The EIB started to turn its monetary spigot towards education in 1997, and approvals now stand at €3 billion (£2 billion) a year across tertiary, secondary and primary education projects. Germany, Spain and Italy have been the biggest recipients of EIB largesse in higher education, although Britain has not done badly.

Over the past ten years, the EIB loaned German higher education €2.05 billion. Beneficiaries included universities and colleges in Lower Saxony, North Rhine-Westphalia, Saarland, Mecklenburg-Pomerania, Saxony-Anhalt and Thuringia, with dedicated single-institution loans expanding the International University, Bremen, the Berlin Academy of Arts, the universities of Heidelberg, Gottingen and Kiel and others.

Spanish higher education received €682.72 million, while Italy's universities secured €293.76 million in EIB loans.

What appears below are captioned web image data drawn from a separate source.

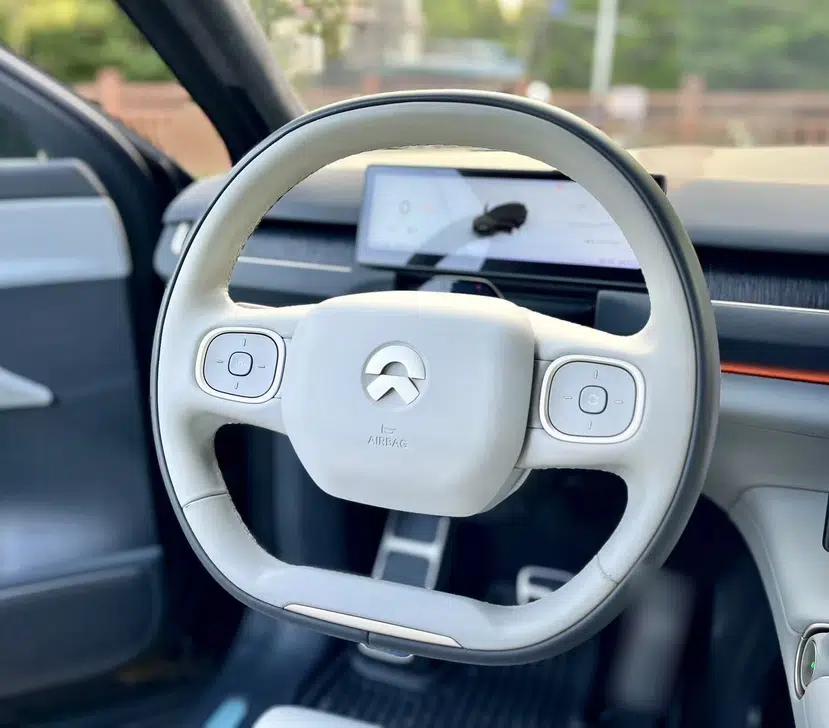 Nio ES8 2023 75 kWh Executive Edition — миниатюра 20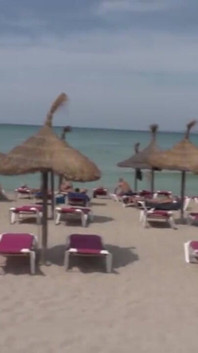 温泉はカップルは熱い弄を楽しんでいます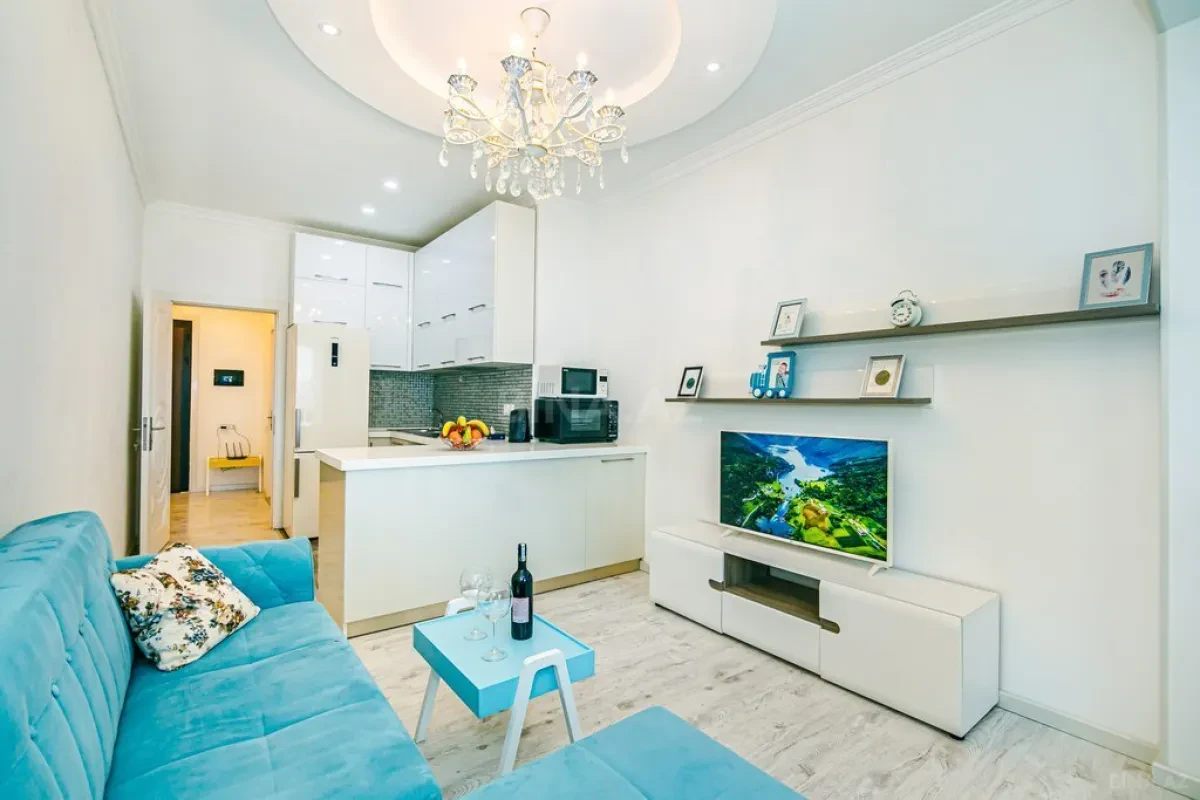 Kirayə verilir 2 otaqlı mənzil 90 m²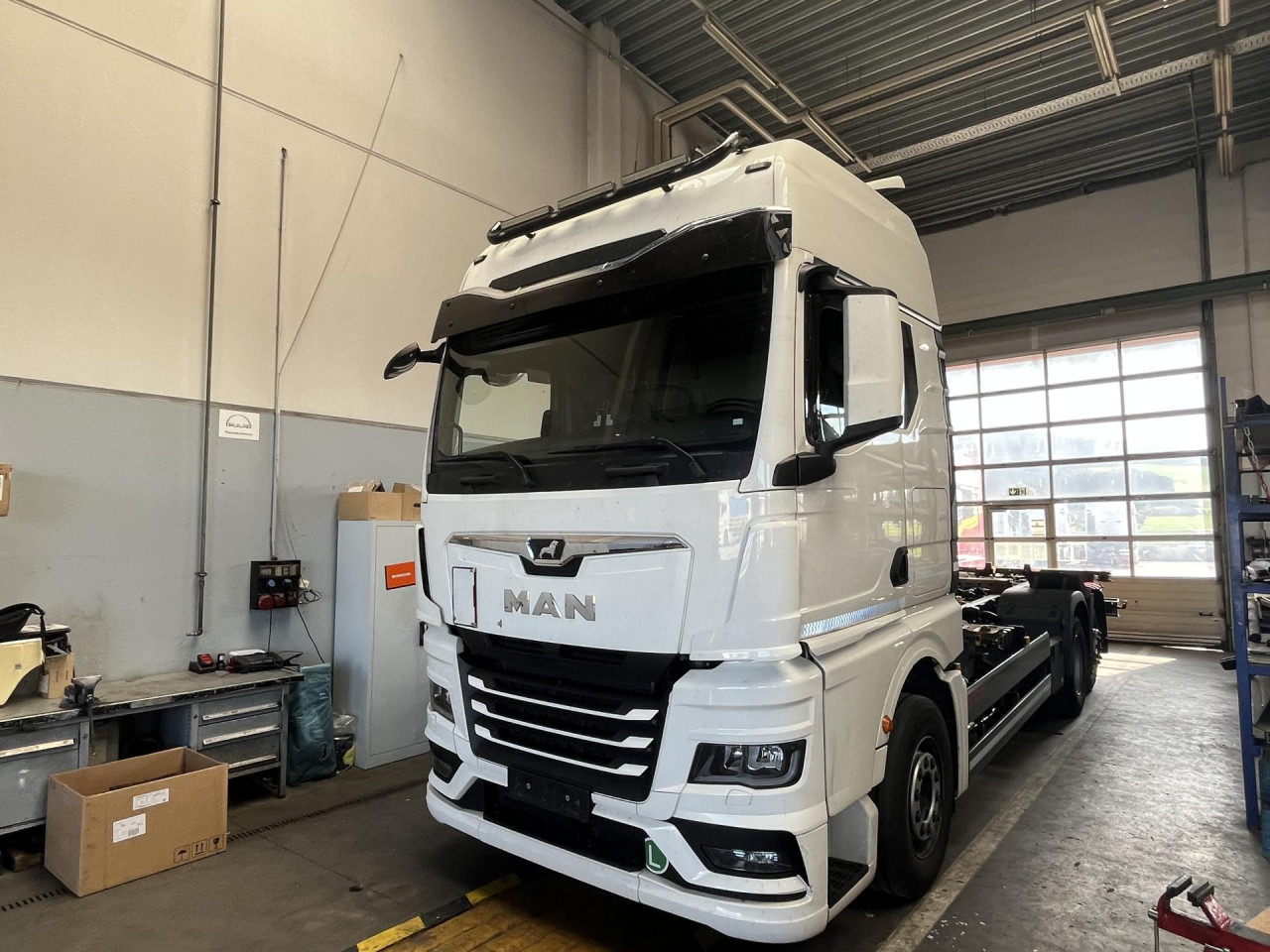 MAN TGX 26.470 6x2-4 LL CH Multiwechsler Euro6 Klima - Kontejnérový podvozek/ Výměnná nástavba: obrázok 1 MAN TGX 26.470 6x2-4 LL CH Multiwechsler Euro6 Klima - Kontejnérový podvozek/ Výměnná nástavba: obrázok 1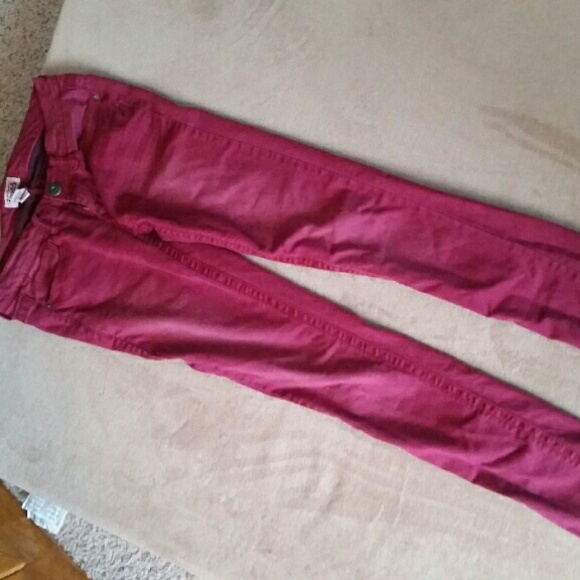 Burgendy colored Jean's - Picture 2 of 3
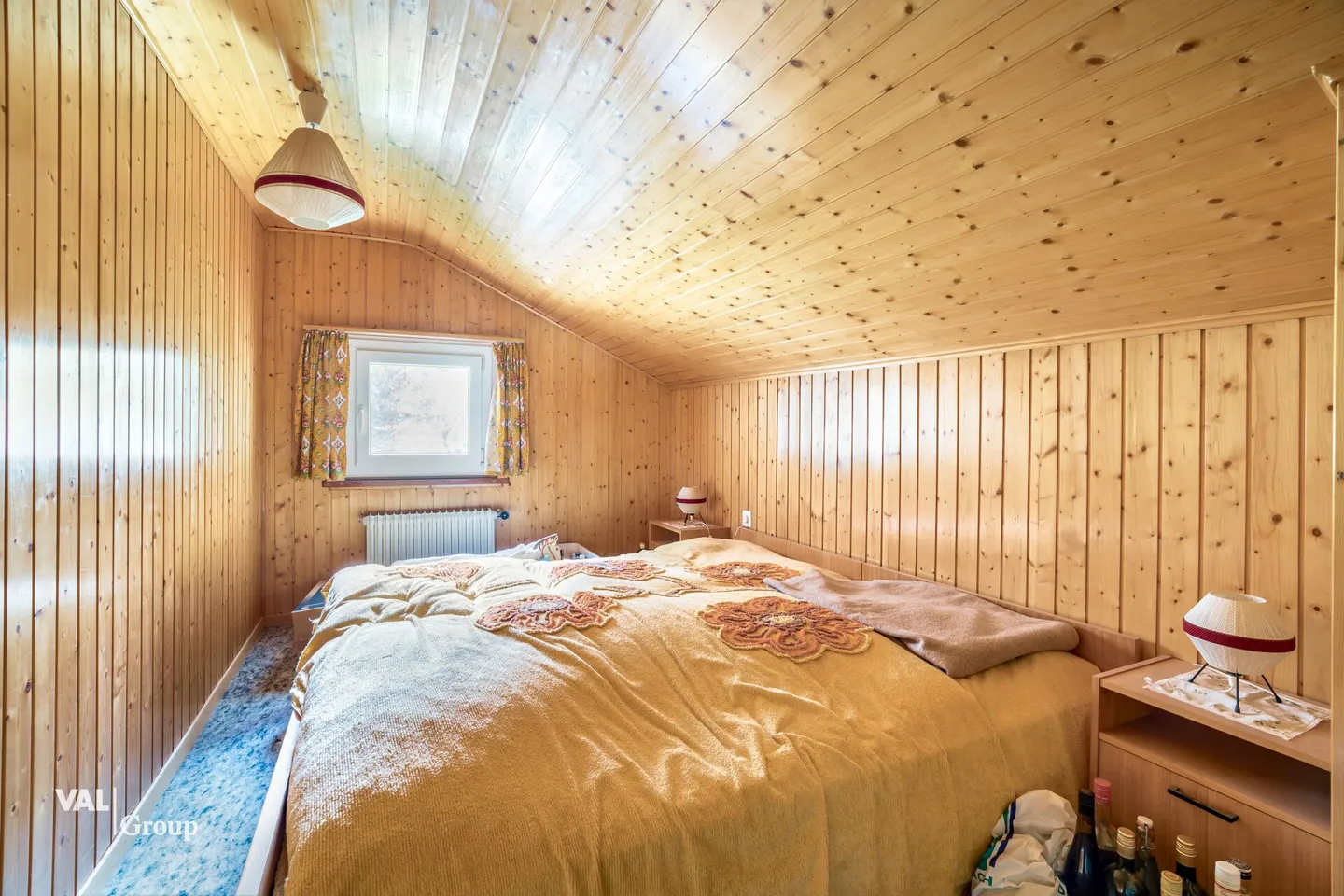 Proprietà versatile con due unità abitative, piscina coperta, laboratorio e potenziale di sviluppo a St. Niklaus - Foto 18 di 25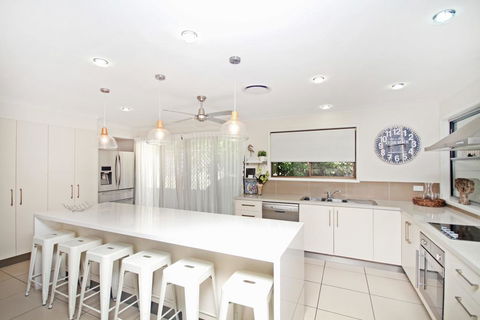 22 Sorrento Avenue, Coolum Beach - Linen Supplied PET FRIENDLY - 500 BOND - Accommodation Asia 2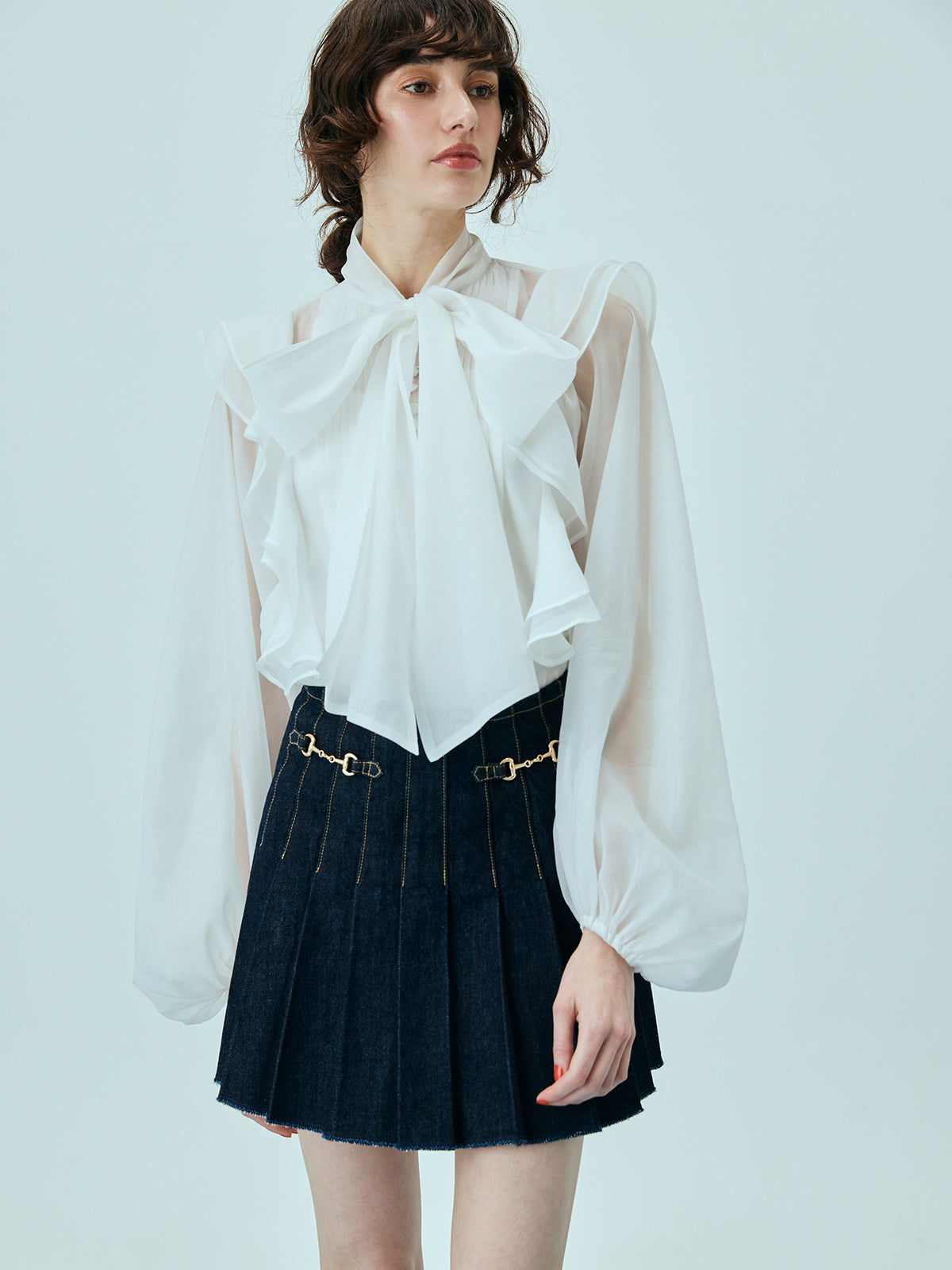 MODEL:176cm／COLOR:INDIGO／SIZE:36(S)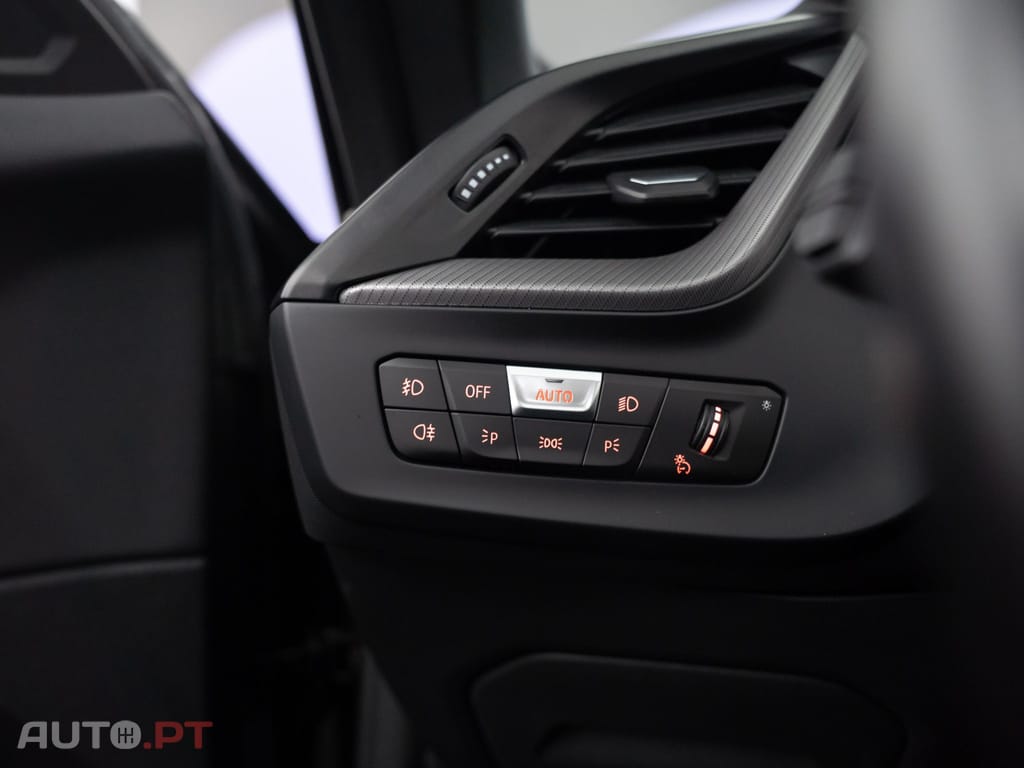 BMW 216 d Pack Desportivo M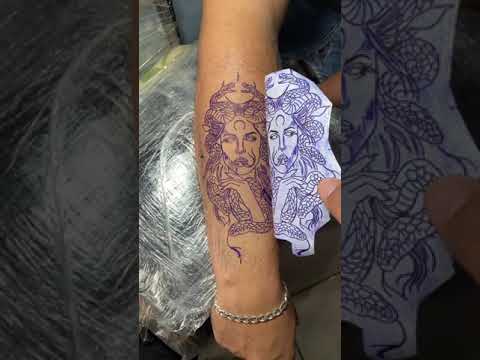 Vídeo: On trobar tatuadors?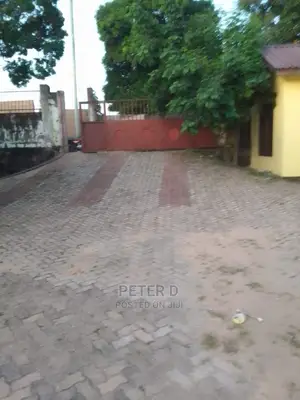 3bdrm Apartment in Kimara for Rent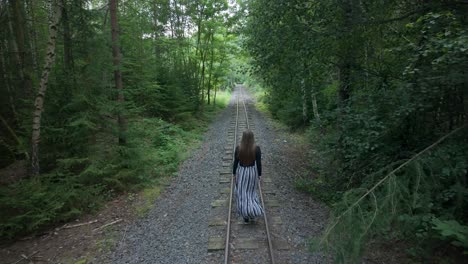 Schönes-Junges-Mädchen-Geht-Entlang-Der-Gleise-Im-Wald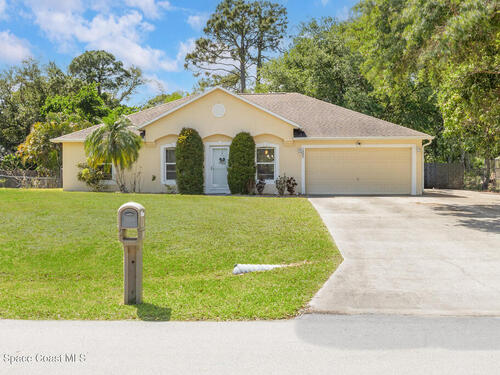 1322 Stadt Road NW, Palm Bay, FL 32907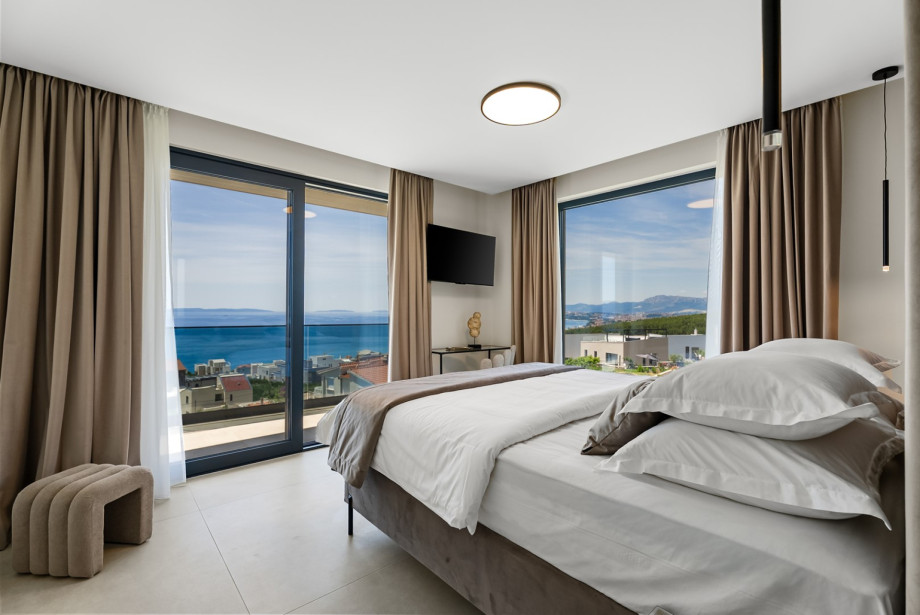 First-floor bedroom (22.8 sqm) featuring a king-size bed, a TV, and air conditioning.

Britain has had loans of €208.32 million since 1997, mostly funnelled through the Higher Education Funding Council for England, although Imperial College London borrowed €73.89 million to build student accommodation.

Four other UK higher education institutions are negotiating loans. One, which involves Bristol University borrowing up to £60 million to boost teaching and research facilities, passed bank approval procedures.

The bank ensures that a borrower is creditworthy and that it has clear investment strategies aimed at securing sustainable growth.

Stephen Wright, associate director, human capital, said: "We like to see an institution that has a strategic vision of where it wants to go."

This would not just include top research universities but also institutions with a regional teaching role. "We're not only about investing in a university such as Cambridge," he said.

More loans are being developed to help people into study. So far, only a tiny proportion has been allocated to intangible projects such as student loans.